Tuesday, August 26, 2008

Tuesday 26 August 2008

At 87o 21.20N 07o 41.98W, -2C, winds <4m/s, good visibility, high stratocumulus clouds above us and northwards but clear skies and sun rays can be seen all day in the southward horizon.

Ice-bear story (by Sara de la Rosa):

Six days have passed since the polar bear gave us a curious visit...I guess I've been waiting for his next appearance to happen before I write this story! But so far he's been keeping well away from us.

It was just 6am as Thorsten and I were heading towards the ship from our oceanography ice-tent located some 100 m away from the ship. I was 10 steps from the gangway when I suddenly saw these big eyes staring at me...
The first milliseconds I was just paralized, trying to figure out whether what I saw was some fake bear set up on the ice by the crew as a joke, or whether it was actually a real one! As he slowly turned his head back to watch the seal hole where he was standing by, I realized that it was a real bear. The Arctic experience that I was hoping for!
I had no radio on me, so I tried best I could to get some words out my mouth to tell Thorsten to radio the bridge and warn them of the polar bear's presence. From the ice, the bear first seemed just 50m away from us, but as we got back onto the ship we saw that he was more like 180m away. He seemed a young male bear, but showed absolutely no interest on the icebreaker nor us (9 people awake at the time), watching him for about 40 minutes. It took him a long while to react to the ship's horn that blew to try to scare him off...all he probably wanted was to relax by the seal hole and us to leave him alone! Eventually as the bear retreated, the helicopter took off and scared him even further away from our ice-flow.

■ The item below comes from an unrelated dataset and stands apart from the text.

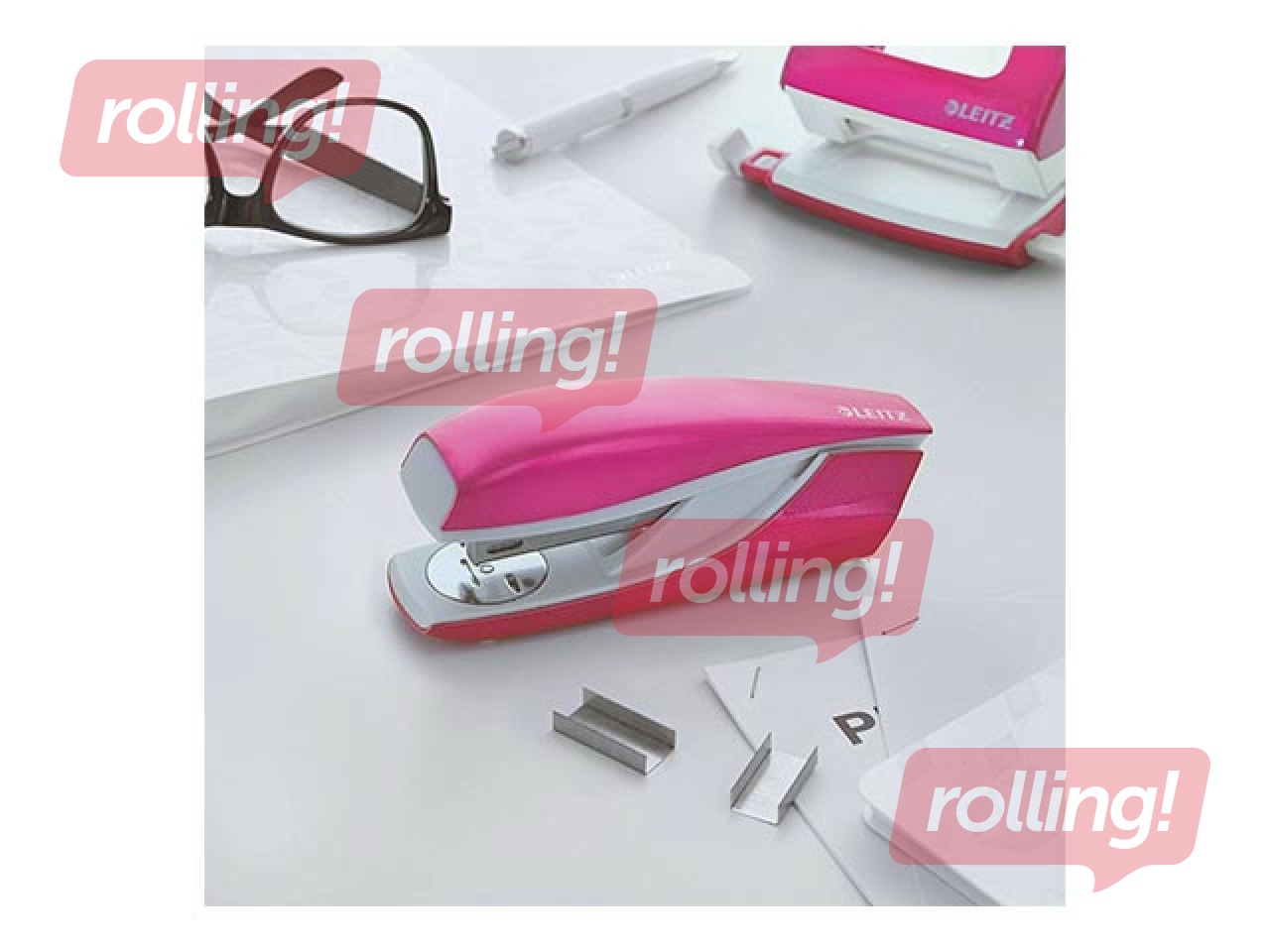 Stapler Leitz 5502 WOW, 30 sheets, pink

The reason that nobody had seen the bear arrive close to the ship the night before was because a dense fog-band was blocking the view from the bear-watchers on the bridge. The bear cleverly kept well out from the visibility line as he walked passed our ice camps.- Therefore, all precautions on the ice have been increased, such that some of us working on the ice have had to miss many working hours. Due to the presence of fog around us we had to stay onboard until visibility cleared up. Weather and visibility have now stayed considerably clear for some days, making both work on the ice and bear-watchers happy.